The Aegadian Islands sound Greek. They look Greek, too. But the Islands of Goats actually lie off the northwest coast of Sicily. There are five islands: Favignana, Levanzo, Marettimo, and two minor ones. You quickly set your sights on Marettimo, since it’s the westernmost island in the group.

Marettimo was named Hiera (Sacred Island) by the Greeks and became an important Roman observation point for maritime traffic. The limestone island has steep cliffs that drop into the sparkling blue sea. Hidden coves and grottos dot the coast. Pine trees fill much of the interior. Pink cistuses, prickly pears, and sweet-smelling thyme grow among them. Eagles and peregrine falcons live here, too. While hiking trails, not roads, connect the ruins of Casa Romana, a restored Byzantine-Norman church, Punta Troia, and Monte Falcone.

There’s a single village on the island. It too is named Marettimo. As you pull into the harbor on the hydrofoil from Trapani, you see whitewashed buildings with blue shutters, small fishing boats, and a couple of fishermen fixing their tuna nets on the dock. Gulls screech overhead in hopes of finding leftovers from an earlier catch. Your first stop is La Scaletta for your morning cappuccino. You vow to return when you see the cannolis and the cassatas (sponge cakes with creamy ricotta) behind the bar. You’ve been told not to miss the lobster soup at Il Veliero either.
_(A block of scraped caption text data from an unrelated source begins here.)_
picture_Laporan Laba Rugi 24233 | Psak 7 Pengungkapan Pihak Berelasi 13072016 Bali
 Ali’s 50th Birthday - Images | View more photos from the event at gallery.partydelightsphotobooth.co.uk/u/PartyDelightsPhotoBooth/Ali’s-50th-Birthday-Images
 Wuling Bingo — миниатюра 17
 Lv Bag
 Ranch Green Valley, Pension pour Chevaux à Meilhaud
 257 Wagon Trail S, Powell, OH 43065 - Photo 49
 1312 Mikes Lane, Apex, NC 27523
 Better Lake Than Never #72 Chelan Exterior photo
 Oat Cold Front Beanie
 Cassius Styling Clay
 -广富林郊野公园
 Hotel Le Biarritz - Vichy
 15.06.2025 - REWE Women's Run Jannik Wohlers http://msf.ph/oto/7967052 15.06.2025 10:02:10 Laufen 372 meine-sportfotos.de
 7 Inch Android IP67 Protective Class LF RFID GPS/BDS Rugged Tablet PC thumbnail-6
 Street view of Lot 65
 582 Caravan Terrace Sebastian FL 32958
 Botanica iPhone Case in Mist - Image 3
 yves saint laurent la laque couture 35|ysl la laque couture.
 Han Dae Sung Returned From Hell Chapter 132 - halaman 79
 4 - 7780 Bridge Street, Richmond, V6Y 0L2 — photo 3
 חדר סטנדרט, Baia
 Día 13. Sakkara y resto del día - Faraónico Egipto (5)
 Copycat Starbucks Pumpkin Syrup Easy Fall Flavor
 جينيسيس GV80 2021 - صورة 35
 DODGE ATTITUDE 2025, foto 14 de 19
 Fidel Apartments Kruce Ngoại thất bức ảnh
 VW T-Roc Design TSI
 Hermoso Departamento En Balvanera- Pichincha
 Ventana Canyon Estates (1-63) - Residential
So you’ll hike around the small island. You’ll swim in a little cove and sun yourself on the rocks above it (the single beach is pebbly and filled with Speedos). Then you’ll stuff yourself with fresh pasta, just-caught seafood, and sweet treats. Unfortunately, since there aren’t any hotels on Marettimo, you have to catch the last ferry at the end of the day. Something had to force to you to go home anyway.